The study will be sent for government approval in November. The National Assembly has the final say on the $2.7 billion project and is expected to make its decision early next year.
The study recommends a joint venture company runs the project. One-third of the project’s total capital should be sourced from the Vietnamese side, the rest from the foreign partner, according to the study.
Several commercial foreign banks and foreign partners have shown interest in the project, according to the director of the project’s management board, Ngo Duong Hung. The Japan Bank of International Cooperation (JBIC) said it was willing to loan the project money, especially if the foreign partner in the joint-venture was a Japanese one.

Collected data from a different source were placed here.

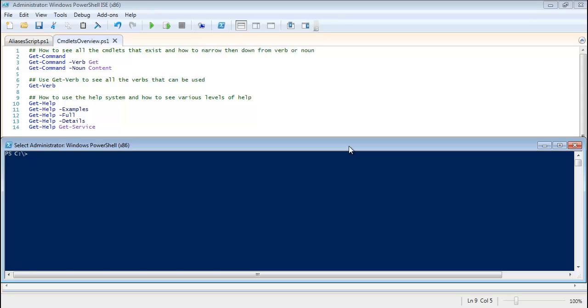In this overview of the cmdlets in PowerShell, I'll give you a brief overview of the cmdlets and what they are, how they work, and how you can see a list of all of them along with a lot of other useful examples.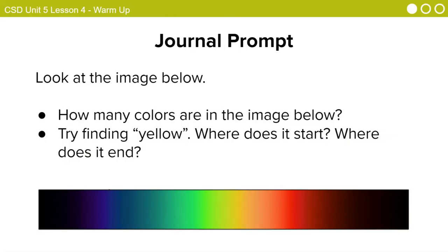Look at the image below. How many colors are in the image below? And then try finding yellow. Where does it start? Where does it end?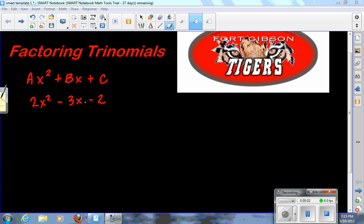This session is about factoring trinomials, but this one has a coefficient in front of the x squared, which is different than the last one. It's going to make this process a little bit longer. These aren't as easy to factor as the other ones, but once you get the procedure down, it's the same four-step procedure every single time.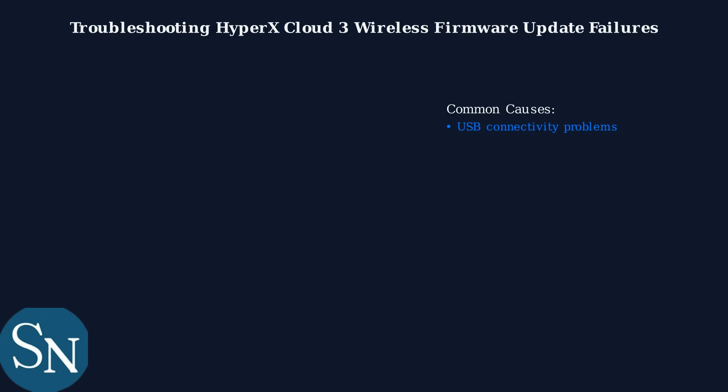USB connectivity, driver issues, and software glitches are common culprits behind update failures.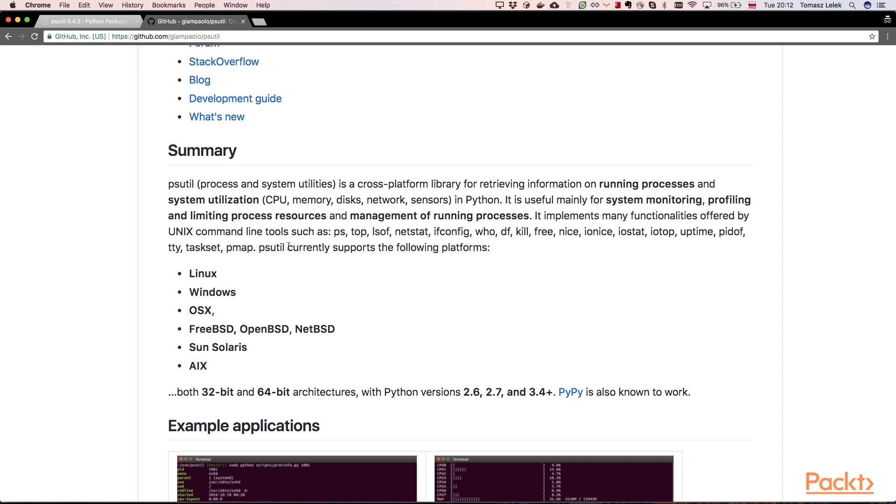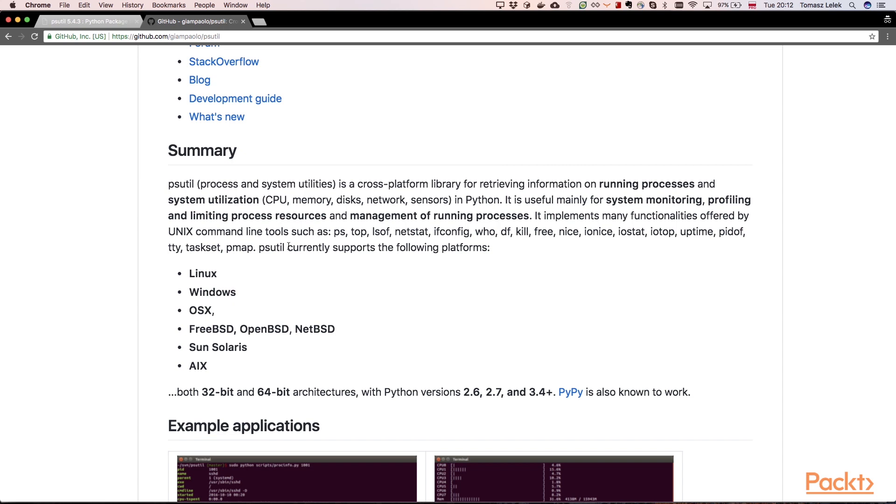We can have information about CPU, memory, disk, network, sensors, and everything is available by Python API. It is useful mainly for system monitoring, profiling and limiting process resources, and management of running processes. It implements many functionalities offered by Unix command line tools such as ps, top, lsof, netstat, df, and so on. So we can use it to automate nearly everything related to monitoring and management of processes.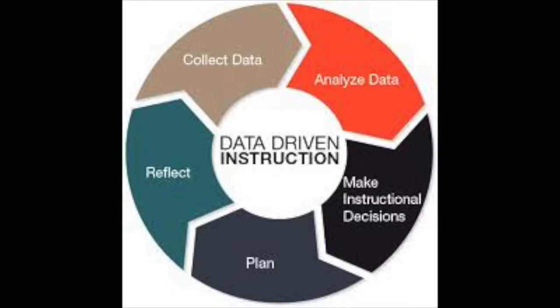The word data means many different things to people. Some perceive it as a test or quiz, while others look at it as something that's collected either before or after learning has occurred.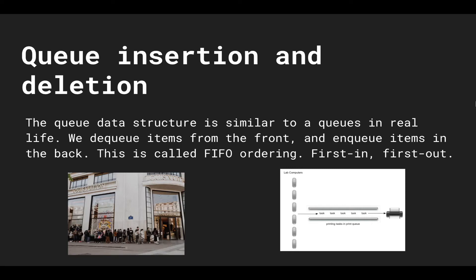It doesn't make sense to serve the person that's in the middle or last. And this is what you call first come first serve, first in first out.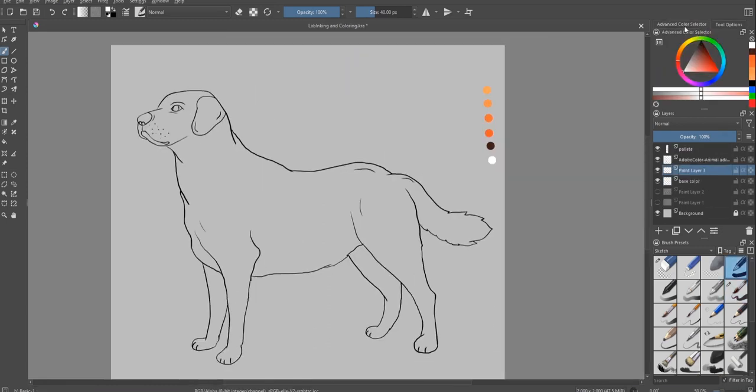And I'm satisfied with the shape of my dog. Now, what I have to do is some coloring and shading, and I'm gonna do just that.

Mitsubishi Corporation, one of the consultants for the feasibility study, has also said it would like to go ahead with PetroVietnam in the project.

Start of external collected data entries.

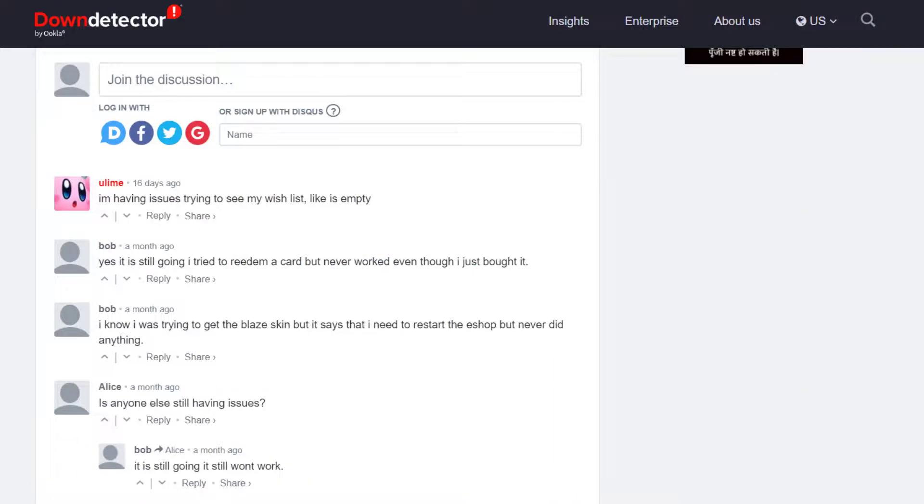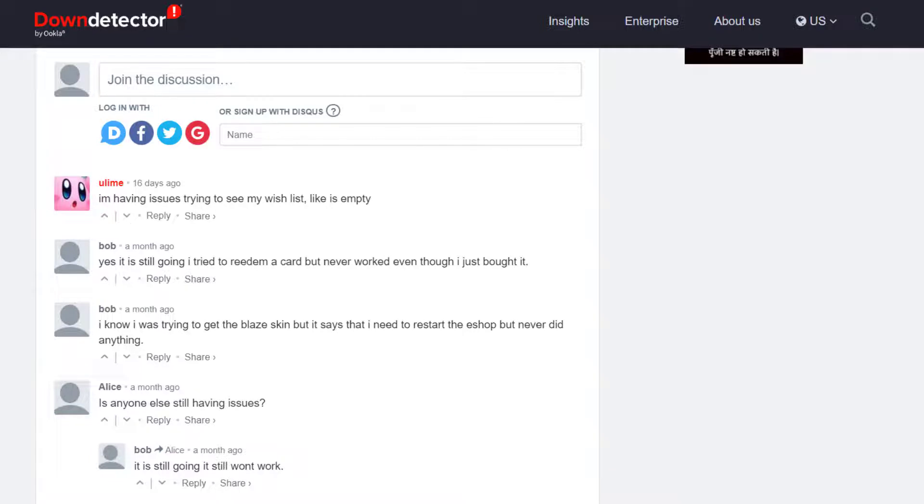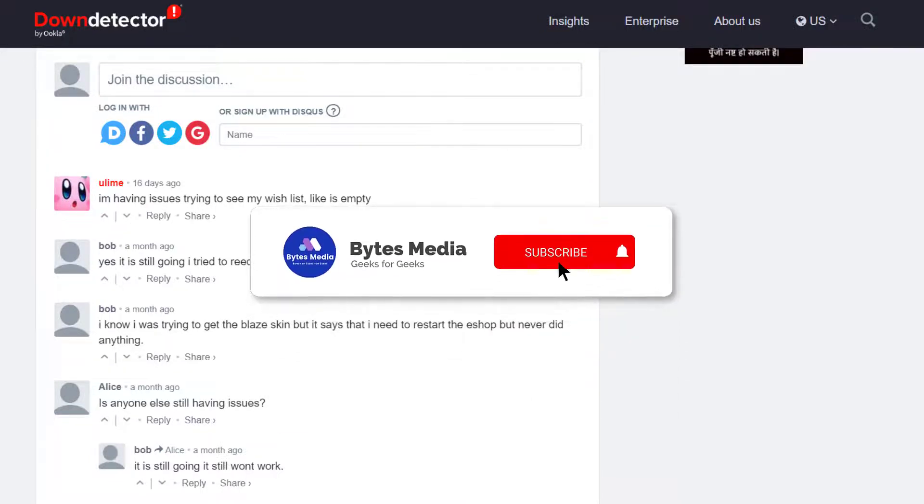But if you experience no outage here and still encounter this issue, then you need to keep restarting your system multiple times until you get in. It'll take at least six to seven tries. Hopefully this will fix the issue.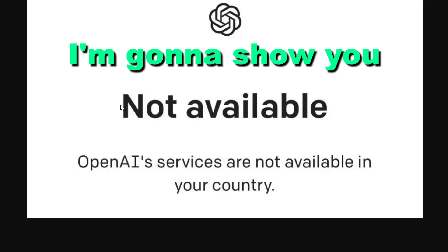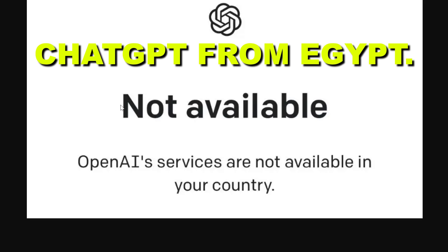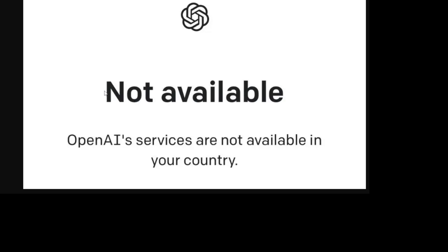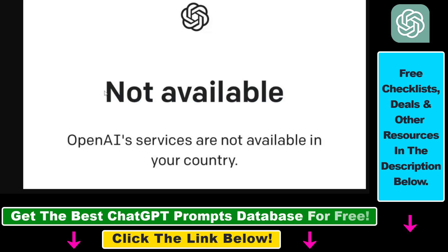Hey everybody, in this video tutorial, I'm going to show you how to access and use ChatGPT from Egypt. So if you want to try to sign up for ChatGPT, or you have already created a ChatGPT account but you want to sign in from Egypt, then most likely you're not going to be able to, and you're going to see this screen: OpenAI services are not available in your country.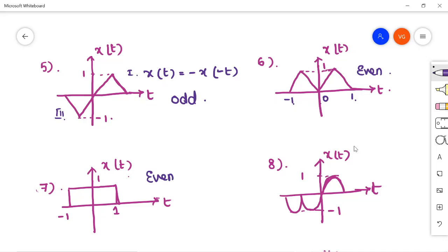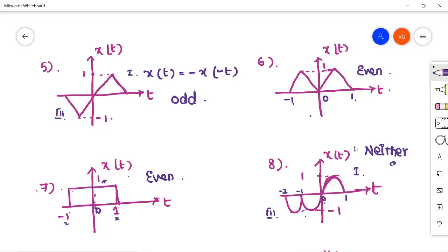The seventh signal is also an even signal, very similar to the sixth signal — here you are given a rectangular pulse having the same amplitude on both sides, with time from 0 to 1 on the right and 0 to minus 1 on the left. Coming to the eighth signal: the signal is extended in the first and third quadrant. In the first quadrant, the signal is a sine wave from 0 to 1. In the third quadrant, there are two signals extended — sine signals from 0 to minus 1 and minus 1 to 2. So this is not an odd signal and not an even signal — it is neither even nor odd.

The feasibility study clarifies issues missed in the pre-feasibility study that was submitted a year ago and is the result of consultation between foreign organisations such as ABB Lammus Global and Mitsubishi and the project’s management board.

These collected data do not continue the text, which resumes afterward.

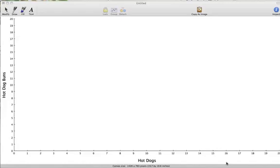Suppose we want to draw indifference curves for goods like hot dog buns and hot dogs. Our first step is to identify what type of good they are, because we have three choices when it comes to indifference curves. We have the typical indifference curve that is convex to the origin and downward sloping, and then we have two special cases: substitute goods and complementary goods.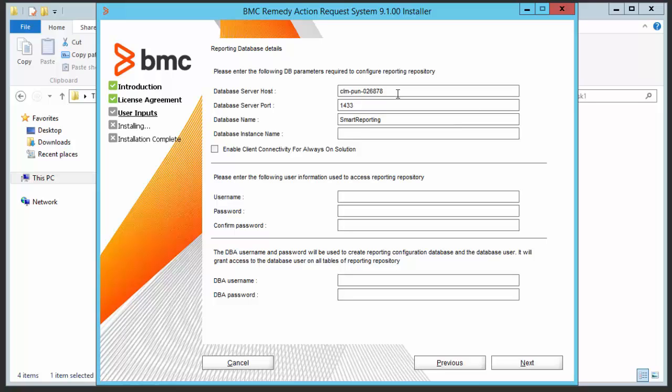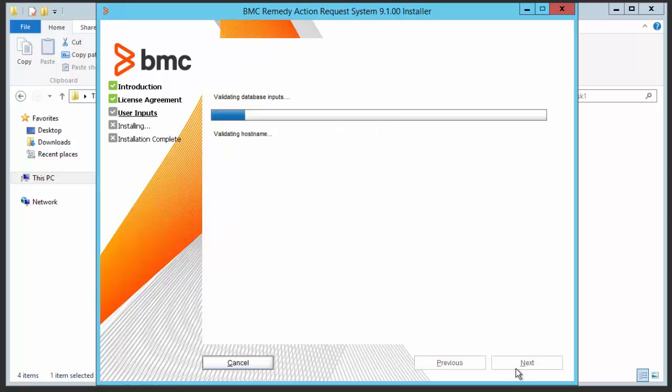Enter the instance name. Enter the user name and password. Let's add repo user as user name. Enter the password and confirm the password. Enter the DBA username and password.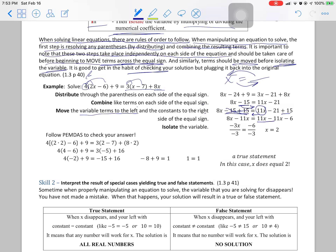The positive 11x needs to move, so we subtract 11x from that side so it goes away. Over here we combine the like terms to get negative 6, and the 11x comes over to this side and combines to get negative 3x. We distributed, combined like terms, moved, and combined like terms again. We are left with negative 3x equals negative 6.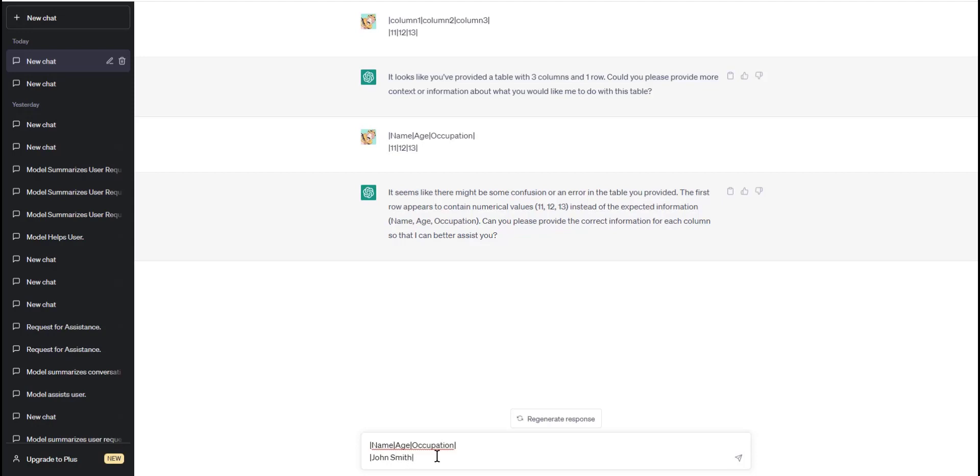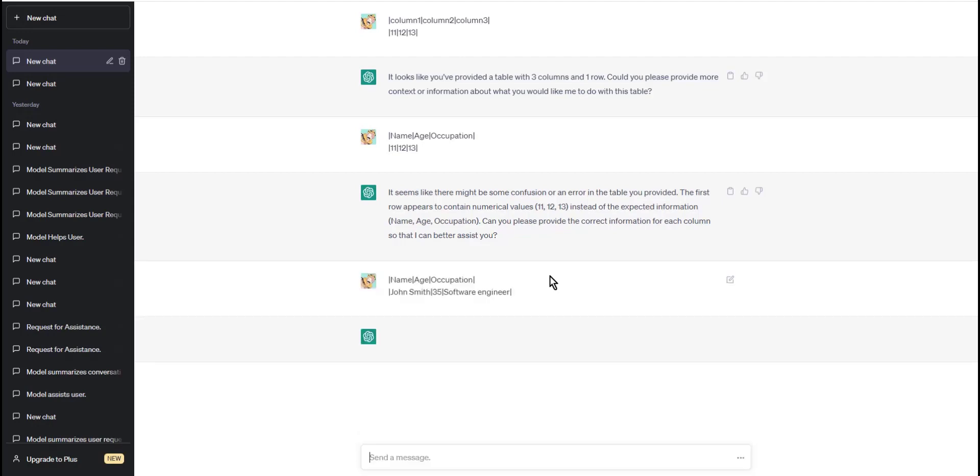You can preview it by typing a few lines of text above and below the table. That's it, thank you for watching this tutorial on how to insert a table inside ChatGPT. I hope you found it helpful.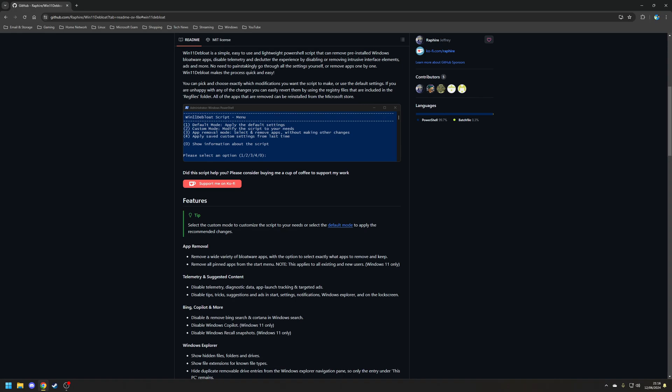Plus, since this tool relies on using registry edits, any of these changes can be reverted with a couple of clicks. And if you ever remove an application, you can always reinstall it from the Microsoft Store.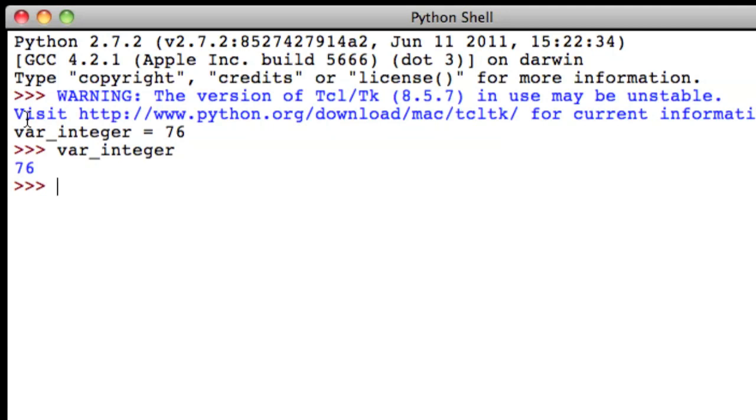So let's create a double variable. We're going to name this one var underscore double. And we'll set that equal to 7.25.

Crude oil used at the refinery will be exploited from inland and offshore fields, to insure optimum quality and quantity for the 7 million tonne facility.
“This is the first time the sour oil from Middle East will be imported to be used with the sweet oil from inland fields like Bach Ho, Su Tu Den, Su Tu Vang. The proposed proposition is half-half,” Hung said.
“We will also convey a study on crude oils from neighbouring countries like Malaysia and Brunei in case the imported Middle Eastern and domestic oil cannot meet the demands of the complex.”
This initiative makes the complex distinct from Vietnam’s only other oil refinery at Dung Quat which is to use domestic crude oil.
The polypropylene plant, the second most important part of the complex after the oil refinery, will have a capacity of 300,000 tonnes per year, double that proposed in the pre-feasibility study.
It is believed that once the plant is completed, together with 150,000 tonne-capacity Dung Quat polypropylene plant, the serious shortage of polypropylene on the domestic market will be overcome to some extent. The complex is scheduled to be finished by the end of 2010 with total invested capital of $2.7 billion.